In 1859, when Lt. Joseph Sherer, a British military officer posted in colonized India, saw turban-wearing and dhoti-clad local men from the northeast Indian state of Manipur playing a game called sagol kanjai, he was fascinated. In sagol kangjei, also known as pulu, meaning “ball” or “ballgame,” players riding ponies chased a ball and hit it with a stick to score a goal. Sherer took a liking to the game, as did other British soldiers in Silchar, in modern-day Assam state, where they had seen the Manipuri players. Sherer told his colleague, Capt. Robert Stewart, “We must learn the game.” And that’s how a local sport of Manipur, a state the size of New Jersey, became a global juggernaut, and pulu became polo.
Today, the sport is played in at least 70 countries. It featured in four Olympiads between 1900 and 1936, when the event was discontinued. Notably, no Indian polo team ever competed in the Olympic Games. But the sport as we know it may never have come about had Sherer not been assigned to Manipur during his tenure in India.
Sherer and Stewart formed the Silchar Kangjai Club in 1859. But when Sherer moved to Kolkata, then known as Calcutta and the capital of British India, he couldn’t stop thinking about the game. He and Stewart collaborated on turning sagol kangjei into a “proper sport” — i.e., an Anglicized version of what they had seen. So, in 1860, they established the Calcutta Polo Club, the world’s first organization for the (sort of) brand-new sport. In the modified version of sagol kangjei, there were four men per team as opposed to seven, and goal posts were added to the field.

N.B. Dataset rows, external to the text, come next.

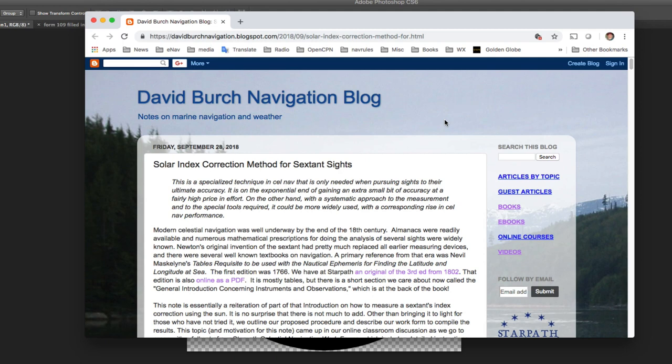Hello, this is David Birch at Star Path School of Navigation in Seattle with a video illustration for an article we just posted on how to do the solar index correction, how to use the sun to measure the index correction of a sextant.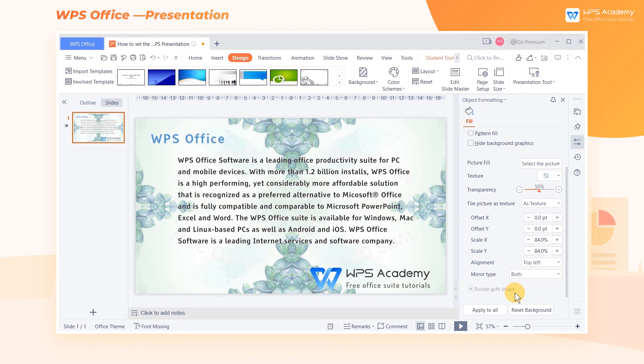To learn more about setting background in WPS Presentation, you're welcome to WPS Academy.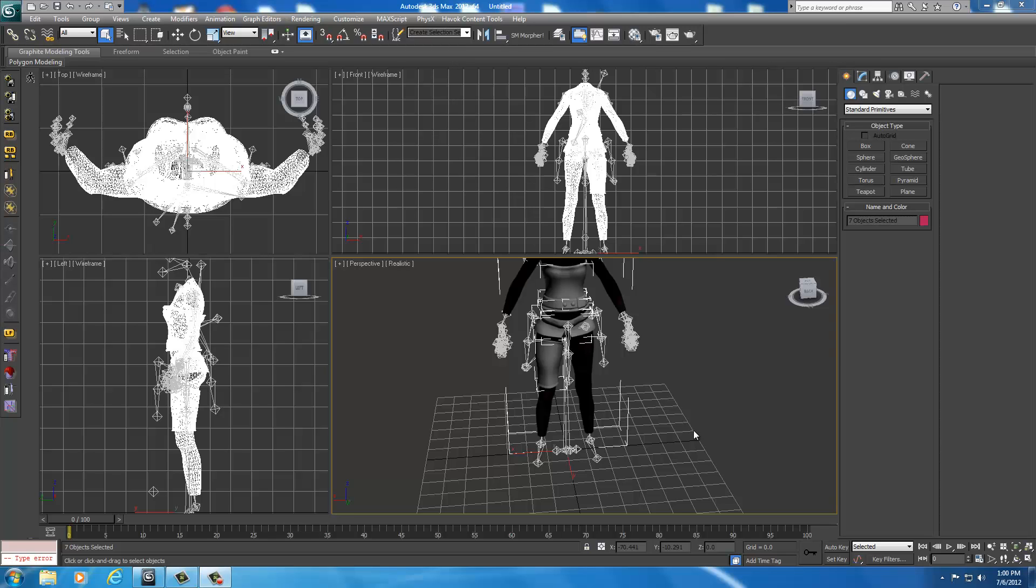Hey everyone, welcome back to another tutorial. Today I wanted to show you real fast how to go ahead and start creating the pauldron.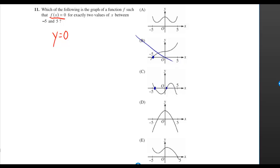One, two, three — they want exactly two, not our answer. Exactly two — that is our answer.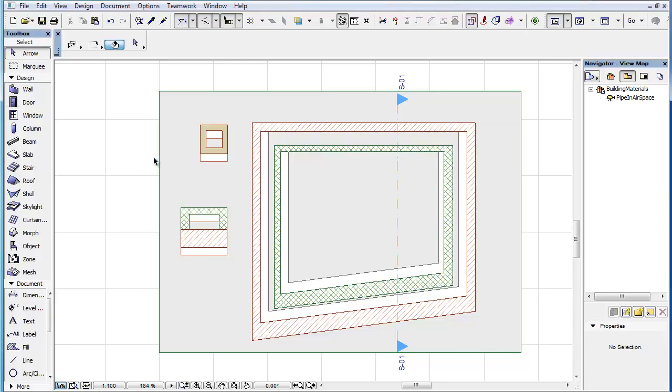This clip will familiarize you with the new parameters available in the Building Materials Dialog. ARCHICAD 18 offers several new parameters for the Building Material attribute.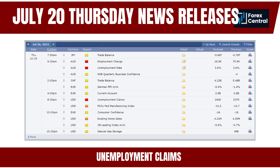Unemployment claims figures can shape the economic outlook, raising concerns about consumer spending, business investment, and overall economic growth. Central banks closely monitor unemployment data — high claims figures may prompt them to adopt more accommodative monetary policy measures, such as lowering interest rates or implementing stimulus programs. Weak labor market conditions can also increase risk aversion, potentially leading to a flight to safe-haven currencies in the Forex market.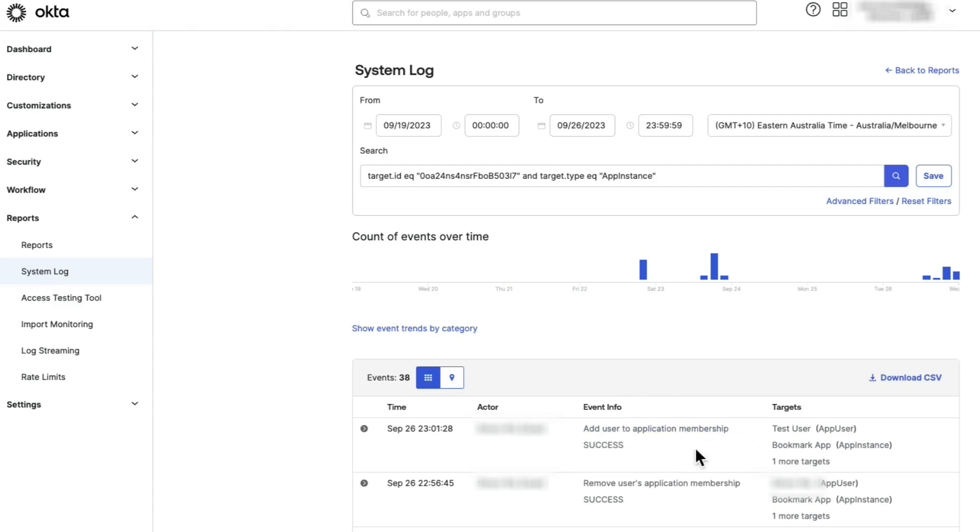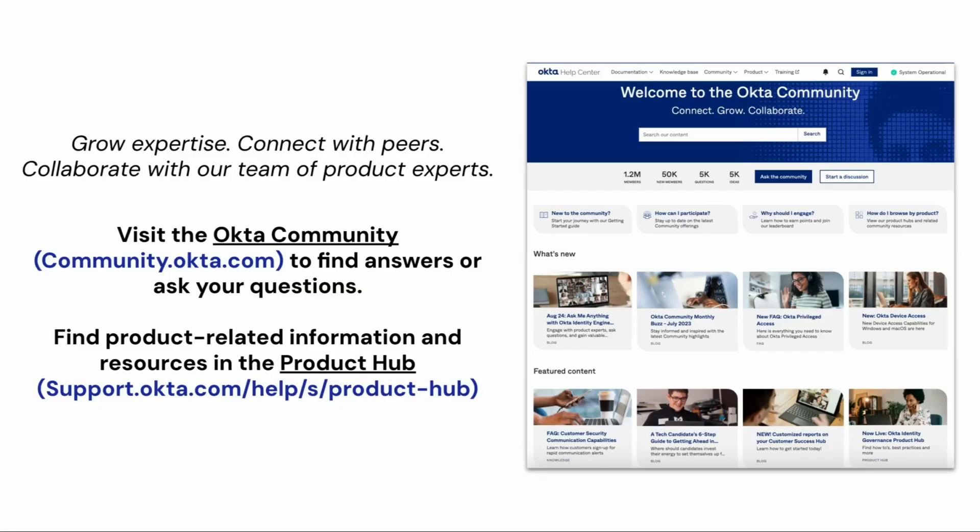That's it! You have successfully assigned a user to an application. If you found this video helpful, please like and subscribe to us on YouTube.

“Modern polo is a slightly modified version of our sagol kangjei,” says Ranjit Singh Moirangthem, a retired Indian army lieutenant colonel and vice president of the Manipur Horse Riding and Polo Association. But rather than rejecting the changes to its homegrown game, Manipur takes pride in polo.
Every year in late November, the association organizes an international polo tournament in which local teams compete against those from other nations. The U.S., U.K., Germany and Morocco all participate. The tournament doesn’t just bring different teams together, though — it also pits different styles of the sport against each other. Manipur’s polo team retains some of the characteristics of the traditional sport. For instance, Manipuri polo players (the team is labeled India B) ride indigenous ponies that are just 11 or 12 hands high, or less than 52 inches tall, while players from the rest of India (known as India A) and from other countries ride horses that are more than 15 hands high. Manipuri ponies are known for both toughness and agility, and are traditionally unshod.
From Manipur and then Kolkata, polo spread to other parts of the world. It appeared in Malta in 1868, England in 1869, Ireland in 1870, Argentina in 1872 and Australia in 1874. It reached the U.S. in 1876, after James Gordon Bennett, publisher of the New York Herald, saw the sport in England and returned to New York with a rulebook and the necessary equipment. Today, no Indian player breaks the top 50 on the World Polo Tour’s player rankings. But in Manipur’s yearly tournament, India B, the Manipuri team, were champions in 2017 and 2018.
To be sure, sagol kangjei isn’t the only ancient sport with claims of having contributed to polo. According to the Polo Museum, in Fort Worth, Florida — which calls the equestrian sport “the sport of kings” — a version of polo also existed in Central Asia. More than 100 men played for each team in that version, which, according to the museum, migrated to Persia via nomadic tribes between 600 B.C. and A.D. 100. In Iran, the game soon became a national sport.
But the museum, along with other experts, makes clear that the modern game originated in Manipur, where polo is still king. In the sport’s global fraternity, the credit for its evolution from an ancient hobby to a modern game that has also spawned billion-dollar apparel companies like Ralph Lauren and U.S. Polo invariably goes to Sherer, widely called the Father of Modern Polo. But to locals in Manipur, it is Marjing, the winged-pony god of polo, who spread the game.